Eysseric, altra partita da Chi l’ha visto. E che tristezza il paragone con Ilicic

Eysseric, altra partita da Chi l’ha visto. E che tristezza il paragone con Ilicic

Pioli ha dato fiducia ad Eysseric contro il Cagliari, ma il francese è stato protagonista di un’altra prestazione anonima…

di Stefano Niccoli, @stefanoniccoli3

Premessa: la sconfitta della Fiorentina contro il Cagliari non è da ricondurre solo alla prestazione negativa di Eysseric. Tutti hanno giocato male. Solo Chiesa, autore di un bel cross ad inizio partita e di un tiro mancino nella ripresa, ha strappato qualche sufficienza.

Torniamo al francese. Pioli lo aveva visto bene in settimana. Non a caso le indicazioni del campo lo davano in vantaggio su Saponara. Impressioni confermate ieri: dentro l’ex Nizza, fuori Ricky. Un’altra chance che, però, Valentin ha tristemente fallito. Non è la prima volta, purtroppo, che sottolineiamo una prova sottotono del transalpino.

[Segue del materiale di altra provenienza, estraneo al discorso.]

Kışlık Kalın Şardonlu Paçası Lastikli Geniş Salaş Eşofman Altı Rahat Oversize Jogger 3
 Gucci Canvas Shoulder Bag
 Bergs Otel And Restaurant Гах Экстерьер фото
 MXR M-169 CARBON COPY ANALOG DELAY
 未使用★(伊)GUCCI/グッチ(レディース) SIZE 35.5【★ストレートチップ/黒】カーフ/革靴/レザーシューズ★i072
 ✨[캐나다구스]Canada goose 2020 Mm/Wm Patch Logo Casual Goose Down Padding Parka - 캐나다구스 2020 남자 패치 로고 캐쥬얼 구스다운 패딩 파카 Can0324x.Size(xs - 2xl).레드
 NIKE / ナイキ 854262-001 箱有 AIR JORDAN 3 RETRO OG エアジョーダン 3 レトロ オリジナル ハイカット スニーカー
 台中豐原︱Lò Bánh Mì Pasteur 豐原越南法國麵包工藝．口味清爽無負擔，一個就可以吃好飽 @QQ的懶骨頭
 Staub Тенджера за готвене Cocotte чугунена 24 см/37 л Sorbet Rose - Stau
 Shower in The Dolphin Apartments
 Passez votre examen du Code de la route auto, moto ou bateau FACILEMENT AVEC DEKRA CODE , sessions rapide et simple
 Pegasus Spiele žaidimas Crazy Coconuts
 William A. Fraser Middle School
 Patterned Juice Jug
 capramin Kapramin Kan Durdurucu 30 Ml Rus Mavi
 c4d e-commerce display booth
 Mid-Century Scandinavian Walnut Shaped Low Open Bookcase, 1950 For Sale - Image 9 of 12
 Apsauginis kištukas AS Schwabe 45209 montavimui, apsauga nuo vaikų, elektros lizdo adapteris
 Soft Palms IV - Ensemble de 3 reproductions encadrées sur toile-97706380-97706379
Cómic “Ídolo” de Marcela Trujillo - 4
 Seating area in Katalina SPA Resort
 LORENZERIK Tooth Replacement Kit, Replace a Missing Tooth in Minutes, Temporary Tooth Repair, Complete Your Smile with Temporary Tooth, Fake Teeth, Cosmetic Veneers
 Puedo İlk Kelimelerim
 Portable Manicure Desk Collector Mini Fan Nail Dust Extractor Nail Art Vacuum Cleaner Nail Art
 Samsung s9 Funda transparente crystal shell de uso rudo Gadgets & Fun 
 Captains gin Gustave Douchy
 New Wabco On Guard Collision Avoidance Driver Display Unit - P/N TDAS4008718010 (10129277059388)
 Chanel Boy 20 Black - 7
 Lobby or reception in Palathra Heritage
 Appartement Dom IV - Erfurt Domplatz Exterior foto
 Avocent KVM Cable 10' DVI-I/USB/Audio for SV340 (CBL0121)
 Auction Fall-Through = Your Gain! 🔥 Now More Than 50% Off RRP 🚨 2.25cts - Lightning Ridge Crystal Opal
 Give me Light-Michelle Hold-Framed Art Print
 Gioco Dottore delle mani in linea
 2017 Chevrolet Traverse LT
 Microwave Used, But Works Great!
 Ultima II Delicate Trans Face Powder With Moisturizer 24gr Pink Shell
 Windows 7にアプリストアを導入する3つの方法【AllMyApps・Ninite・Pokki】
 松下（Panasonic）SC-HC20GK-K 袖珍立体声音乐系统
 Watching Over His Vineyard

Il tecnico e i tifosi speravano che il gol segnato al Genoa potesse essere la svolta nella stagione di Eysseric, una sorta di sveglia dopo mesi colpevolmente anonimi. Così non è stato. Anche contro il Cagliari nessun colpo, nessuna invenzione. Non a caso nell’intervallo è arrivata la sostituzione. Al Franchi è andata in onda un’altra puntata di “Chi l’ha visto?”. Il classe 1992 resta un oggetto misterioso. Aspettato a gloria la scorsa estate, difficilmente farà parte della Fiorentina 2018-19.

 

E intanto in alcuni tifosi aumenta il rammarico di aver perso il predecessore di Eysseric, quell’Ilicic che tanto bene sta facendo all’Atalanta. Se ieri i nerazzurri hanno conquistato un punto d’oro contro il Milan, una parte del merito è da attribuire proprio allo sloveno, autore di un cross col contagiri per Masiello.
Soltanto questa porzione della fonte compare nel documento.